Just because Spain went black is no reason to pan solar power!
- snitzoid
- May 1
- 3 min read
Listen, to have all the power go out every so often is a small price to pay to be able to say you're environmentally friendly. Unless you're having surgery...then it's a fairly significant inconvenience. But honestly, there are plenty of other place you can go for medical care.
How the Lights Went Out in Spain
The country flew too close to the sun—which is to say it relied too heavily on unreliable solar power.
By Gabriel Calzada and Manuel Fernández Ordóñez, WSJ
Updated April 30, 2025 4:01 pm ET
A solar power plant in Caudete, Albacete, Spain, April 30. Photo: eva manez/Reuters
Canary Islands, Spain
Life changed for Spaniards at noon on Monday. With the sun at its peak, the country’s largely solar-powered electrical grid shut down. Mere days before, Spain’s government had announced that its grid had for the first time run entirely on renewable power, with new records set almost daily for solar. Breathless declarations of victory flowed, in service of the government’s promise to phase out reliable nuclear power plants with many years of remaining service life. As in Germany, this promise is now the Spanish politicians’ nightmare.
In only a few minutes, Spain and Portugal (whose grid and energy policies are interconnected) went dark, along with parts of France. The Spanish government discovered modesty, but only temporarily. By Tuesday Socialist President Pedro Sánchez was blaming private industry. With havoc in the cities and trains stuck in the countryside, he held a press conference to address what he acknowledged was an unprecedented disaster. With half the country still without access to electricity, Mr. Sánchez asked Spaniards to limit use of cars and cellphones as the government investigated.
While the discrete triggering event isn’t yet known, any reliable grid system must be designed with such events in mind, be they meteorological or technical. The stability of an electrical grid depends on a balance maintained through synchronous generation using turbines that store energy in their rotating generators. These generators provide inertia that can stabilize the grid if the network load exceeds the capacity of connected power plants—or in the opposite case, if there’s excess generation.

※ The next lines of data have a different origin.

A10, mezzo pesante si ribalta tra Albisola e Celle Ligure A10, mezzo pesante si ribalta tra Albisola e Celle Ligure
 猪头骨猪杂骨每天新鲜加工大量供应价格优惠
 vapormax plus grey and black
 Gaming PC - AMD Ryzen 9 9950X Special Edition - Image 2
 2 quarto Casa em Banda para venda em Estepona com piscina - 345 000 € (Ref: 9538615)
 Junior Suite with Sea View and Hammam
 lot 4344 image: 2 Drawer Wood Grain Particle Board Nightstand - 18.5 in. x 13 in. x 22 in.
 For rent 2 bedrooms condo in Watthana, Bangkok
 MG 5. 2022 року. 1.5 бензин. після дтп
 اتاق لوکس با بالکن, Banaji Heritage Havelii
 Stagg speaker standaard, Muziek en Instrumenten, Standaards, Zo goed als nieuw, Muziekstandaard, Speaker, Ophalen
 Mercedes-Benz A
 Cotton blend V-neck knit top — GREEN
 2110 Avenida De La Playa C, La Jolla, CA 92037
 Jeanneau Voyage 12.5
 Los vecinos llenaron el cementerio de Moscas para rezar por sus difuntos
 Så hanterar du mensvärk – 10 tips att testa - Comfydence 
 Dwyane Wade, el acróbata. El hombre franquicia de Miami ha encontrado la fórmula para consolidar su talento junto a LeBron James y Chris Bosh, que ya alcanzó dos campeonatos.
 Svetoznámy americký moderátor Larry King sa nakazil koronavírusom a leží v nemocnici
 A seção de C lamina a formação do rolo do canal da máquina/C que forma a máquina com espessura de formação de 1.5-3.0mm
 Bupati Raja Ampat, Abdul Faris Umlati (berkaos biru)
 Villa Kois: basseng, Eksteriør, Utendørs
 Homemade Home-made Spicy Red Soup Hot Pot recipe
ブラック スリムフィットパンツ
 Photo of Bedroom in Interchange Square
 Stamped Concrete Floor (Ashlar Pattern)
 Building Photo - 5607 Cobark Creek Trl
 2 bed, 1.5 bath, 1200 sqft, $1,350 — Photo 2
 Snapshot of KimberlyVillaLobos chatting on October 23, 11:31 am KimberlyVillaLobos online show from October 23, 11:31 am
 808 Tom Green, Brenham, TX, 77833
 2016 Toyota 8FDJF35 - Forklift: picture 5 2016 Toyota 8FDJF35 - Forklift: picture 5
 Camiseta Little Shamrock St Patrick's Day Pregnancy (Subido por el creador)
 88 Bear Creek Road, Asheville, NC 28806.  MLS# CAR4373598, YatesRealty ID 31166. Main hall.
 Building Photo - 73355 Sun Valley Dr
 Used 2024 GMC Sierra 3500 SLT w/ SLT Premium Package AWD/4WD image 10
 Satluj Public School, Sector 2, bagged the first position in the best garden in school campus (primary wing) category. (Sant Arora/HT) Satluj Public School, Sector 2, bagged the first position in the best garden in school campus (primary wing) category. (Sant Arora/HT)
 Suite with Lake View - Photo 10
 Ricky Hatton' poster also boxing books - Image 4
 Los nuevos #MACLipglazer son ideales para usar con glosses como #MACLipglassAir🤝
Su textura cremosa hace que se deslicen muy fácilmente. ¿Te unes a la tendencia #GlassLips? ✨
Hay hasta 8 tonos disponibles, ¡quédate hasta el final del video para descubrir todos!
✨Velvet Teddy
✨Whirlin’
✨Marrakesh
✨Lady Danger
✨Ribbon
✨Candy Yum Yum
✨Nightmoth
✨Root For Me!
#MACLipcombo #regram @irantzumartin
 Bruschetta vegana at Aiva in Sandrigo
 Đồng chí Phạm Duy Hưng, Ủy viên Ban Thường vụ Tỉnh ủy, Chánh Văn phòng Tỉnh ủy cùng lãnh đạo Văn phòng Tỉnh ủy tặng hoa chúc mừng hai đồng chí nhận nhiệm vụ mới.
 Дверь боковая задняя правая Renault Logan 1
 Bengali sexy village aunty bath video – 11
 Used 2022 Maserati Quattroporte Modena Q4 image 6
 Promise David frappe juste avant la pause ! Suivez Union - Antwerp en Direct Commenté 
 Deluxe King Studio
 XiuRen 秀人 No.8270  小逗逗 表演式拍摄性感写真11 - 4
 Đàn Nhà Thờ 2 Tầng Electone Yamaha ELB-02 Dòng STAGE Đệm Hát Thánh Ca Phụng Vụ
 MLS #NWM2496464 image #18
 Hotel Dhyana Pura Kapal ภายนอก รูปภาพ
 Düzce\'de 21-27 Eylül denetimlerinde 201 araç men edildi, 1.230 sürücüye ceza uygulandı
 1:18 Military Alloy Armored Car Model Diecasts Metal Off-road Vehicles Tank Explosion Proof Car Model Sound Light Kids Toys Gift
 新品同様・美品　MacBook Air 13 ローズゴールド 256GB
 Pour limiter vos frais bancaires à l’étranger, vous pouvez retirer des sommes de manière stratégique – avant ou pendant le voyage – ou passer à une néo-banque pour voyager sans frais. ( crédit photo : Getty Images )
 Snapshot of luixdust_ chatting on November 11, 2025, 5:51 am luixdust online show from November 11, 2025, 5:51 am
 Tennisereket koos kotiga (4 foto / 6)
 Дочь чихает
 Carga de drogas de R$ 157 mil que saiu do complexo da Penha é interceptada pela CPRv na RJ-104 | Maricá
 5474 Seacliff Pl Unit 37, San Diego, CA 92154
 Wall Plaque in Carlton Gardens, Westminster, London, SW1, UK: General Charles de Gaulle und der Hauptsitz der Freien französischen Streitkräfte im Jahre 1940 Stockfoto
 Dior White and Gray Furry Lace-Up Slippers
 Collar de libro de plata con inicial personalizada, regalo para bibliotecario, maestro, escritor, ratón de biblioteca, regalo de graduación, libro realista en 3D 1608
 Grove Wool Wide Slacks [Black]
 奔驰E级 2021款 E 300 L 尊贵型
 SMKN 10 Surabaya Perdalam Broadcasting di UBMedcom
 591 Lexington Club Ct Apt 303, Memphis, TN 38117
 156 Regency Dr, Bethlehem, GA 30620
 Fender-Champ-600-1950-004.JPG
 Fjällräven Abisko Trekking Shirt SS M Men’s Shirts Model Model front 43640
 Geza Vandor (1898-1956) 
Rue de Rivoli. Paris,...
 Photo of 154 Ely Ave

The greater the share of renewables vis-à-vis conventional power plants with synchronous turbines, the less inertia there is to cushion instantaneous load fluctuations in the grid. The system becomes increasingly fragile, with higher risk of failure.
At the time of the disaster, Spain’s near-record percentage of solar-energy production was accompanied by a smaller amount of wind—neither of which are capable of stabilizing the system if needed. The grid was also running with a low share of turbine-based generation—around 30%. Low inertia meant playing with fire (or, more accurately, with the sun, given that Spain’s policymakers minimized thermal generation).
A combination of low market prices and a high punitive tax burden—accounting for 75% of the variable cost of energy production—also left half of the country’s nuclear capacity out of the game. This meant that Spain’s electrical grid was operating with very little margin for error, a risky game that the Spanish government has been playing more aggressively each year since energy-transitionist ideologues took power two decades ago.
Between April 2024 and April 2025, the most relevant synchronous generation sources—nuclear, combined cycle and hydroelectric—fell from an average of 30.5% to 23%. The few voices that warned of the considerable risk of forcing in too much renewable power were marginalized by the system operator. This state-controlled company that manages the grid forcefully denied the possibility of blackouts. Media outlets supportive of the government amplified these denials.
A modern society can’t function without an electricity grid. By continuously reducing inertia, Spain’s policymakers engineered a vulnerability. The grid collapse was the result of a series of brazen missteps by lawmakers. They disregarded warnings grounded in laws of physics. One could say that Spain flew too close to the sun, leaving its electrical grid exposed to imbalances that became impossible to stabilize.
Events will inevitably test any electrical system’s limits. A rational system should be designed to handle such events. Spain’s system was engineered politically, not rationally. It’s the latest lesson in how not to make energy policy. Will anyone learn from it?
Messrs. Calzada and Fernández Ordóñez are senior fellows at the University of the Hesperides’ Peter Huber Center. Daniel Fernández contributed to this article.